The politics of citing papers
There was another lab working on our “favorite” protein. Not in our building, and not even in our time zone but our questions and models were quite similar. We knew of them through the usual channels: their publications, conference talks. And I do believe they knew of our extensive work too. So when their next paper came out, it was surprising to see that none of our lab’s work was cited.
Their omission was not an error.
Something political had just happened.
Citing is not neutral
Unfortunately, citations are misused often in scientific articles: when work is cited without being read, or used to support claims it never made.
This post is about something slightly different. This is about how a network of scientists can be (even tends to be) formed by their citation behavior. These human relationships can shape a field just as much as the science does.
We like to pretend citation is objective. But I have unexpectedly witnessed that it can also be personal.
Citing can be a way to position your point of view, and sometimes your “territory”. It can be a way of saying: this is our stance in the field. It can “pay back” and acknowledge intellectual debt or signal alliance. And keep professional relationships intact.
I am sure you are familiar with different schools of thought that may be present in scientific fields, usually based on different hypotheses. Over time, this “camp” formation has significant effects on the field itself. Researchers form clusters and only cite within their bubbles. They reward each other with hypothesis-based inclusion and also visibility. You can tell which "camp" a scientist/group belongs to just by looking at the bibliography. Sometimes, these alliances are productive and can push the field forward. But often times, they lead to a disconnection so deep that two groups can work on the same protein for years and never cite each other.
Citing behavior can very well be dishonest and even corrupt, when people avoid validating competing claims, trying to maintain a narrative of originality. Or because acknowledging certain work would make things “messier”. Occasionally, because they truly did not come across it..though that excuse feels less likely in smaller fields. Some scientists get cited less not because their work is not valued, but because it is not published in a certain group of journals. Because it was published in a journal with low credibility. Although I still think this is no excuse in an era where we search by keywords and (hopefully) not journal names.
Many journals limit the number of citations that can be added to the references section of an article. But in this day and age, this makes no sense to me. If a paper needs to reference a study, then that study needs to be cited. Unfortunately such limits make the intentional omissions easy to pull off.
Citing behavior reveals the need for networking
Academic networking (and beyond) is full of formal mechanisms that everyone subconsciously accepts to ignore. Citation is one of them: you can cite to protect relationships, to build them, to avoid conflicts.

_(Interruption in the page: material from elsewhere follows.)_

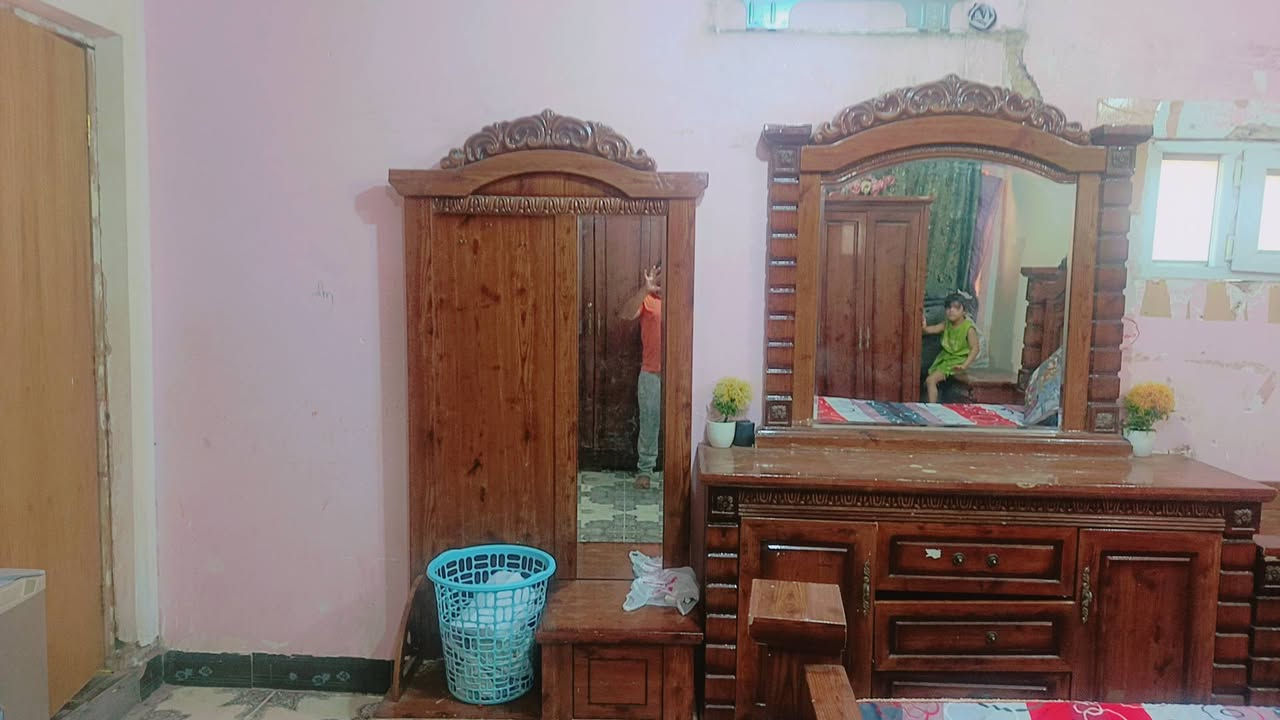 غرفه مستعمله ماليزي مصري للبيع 450 تصل ***********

If a work was not cited, it may also very well be because the author(s) were not present in the right rooms: maybe they did not attend or talk at the right conferences. Maybe they did not dare to talk to that PI at the poster session. There is no denying that if people know your name, they are more likely to remember your work. If you had lunch together, attended the same workshop, shared a ride from the airport, you are now within the range of "citability".
In other words, citation has a social aspect. This is why, for early-career researchers, the advice to "go to conferences" is not just about learning new things. It is also about being part of the community, so that when someone writes their next manuscript, your name comes to mind.
And this need for networking becomes a self-reinforcing loop.
Citations affect researchers (in unexpected ways)
I was not an author on the paper that was ignored, I had not performed any of the work. And yet, when their bibliography did not mention us, I did feel the unfairness. Citations contribute to shaping the identity of the lab, within the lab itself and also how it is perceived by others in the field. It determines whose work is (or chosen to be) relevant and which studies we have decided to build on. When a lab gets excluded unfairly, it has wider consequences than just a line in an article.
To be clear, not every omission is a political move. But make no mistake, references are curated.